UK utilities companies and other potential market participants have been awaiting details on the new scheme since the UK formally exited the EU on January 1 2021, continuing to buy allowances under the EU ETS scheme in the interim.

ICE said that 83 million UK allowances will be sold this year, with auctions taking place every two weeks. Auction volumes will be in line with the UK government’s pledge to cut allowances for polluting by 5% compared the EU ETS system.

“It was expected that the release of the auction calendar was coming up soon, and it’s good for markets participants to finally have a start date for auctions, futures and spot contracts confirmed,” said Hæge Fjellheim, Head of Carbon Research at Refinitiv.

“The more certainty around the regulatory framework the better. It means that market participants now know when they will have a price signal for the UK ETS.”

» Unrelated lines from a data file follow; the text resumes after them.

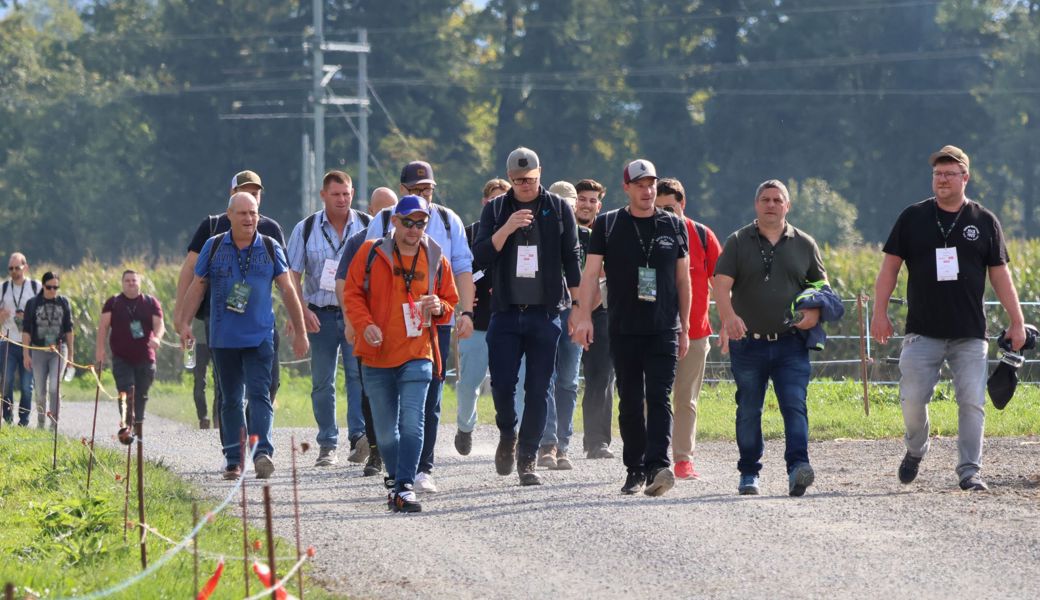 Mit Rucksack und Bierglas: 488 Teilnehmende feiern Premiere der Bierwanderung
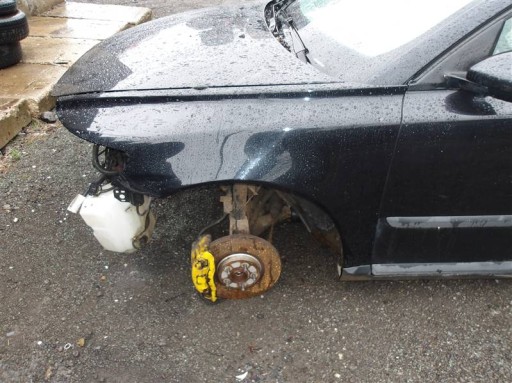 Ліве переднє крило volvo v50 452-46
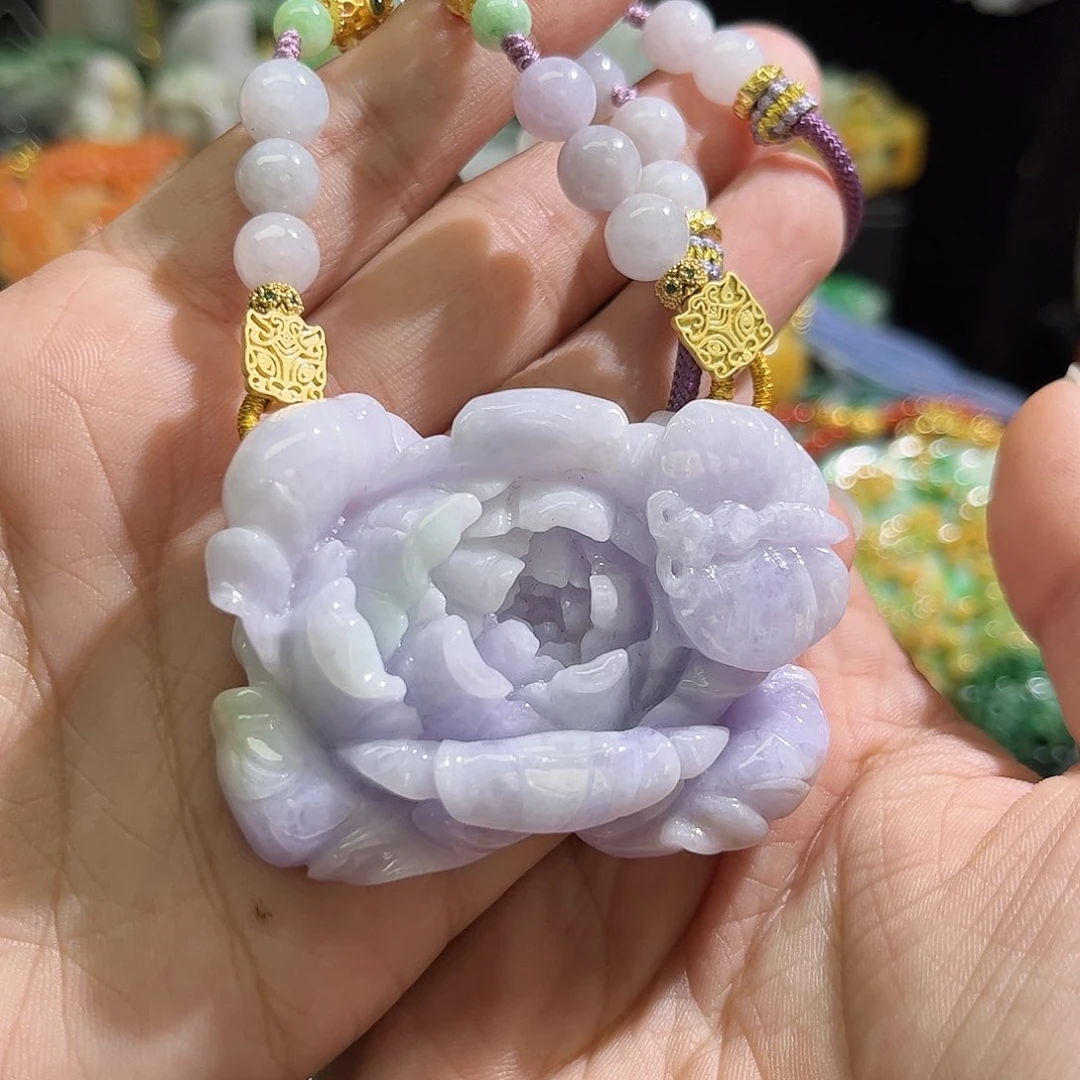 翡翠未镶嵌颈饰待编织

Fjellheim explained that UK utilities will be expected to sell their EU hedges, replacing them with UK emission allowances.

“The question remains of course whether it will trade at or just above the [EU] price floor (£22/t) or whether we’ll see prices at levels that EU allowances are currently trading at,” she told ESG Investor.

This follows the European Commission’s announcement that the EU ETS entered Phase IV beginning January this year, which will run from 2021 to 2030, and implement an annual decline of emission allowances of 2.2%. Previously, this rate of decline was limited to 1.74% per year.

Fjellheimn emphasised that the long-term goal is for the EU and UK to “link the two schemes over time”, making it “unlikely” they will diverge from one another. Nonetheless, the how remains complicated.

“There’s a lot of loose ends and confusion around how the EU ETS and UK ETS will interact in the future, but discussions around this are becoming more dynamic,” she added.

“UK emissions have fallen 41% since 1990, more than any other major developed country and this has been driven by the UK’s leadership in promoting market-based mechanisms to support climate goals. There is an enormous opportunity for cap-and-trade programs to take an even greater role in supporting the goals of the Paris Agreement, whether it is increasing their sector coverage or encouraging international linking,” said Gordon Bennett, Managing Director of Utility Markets at ICE.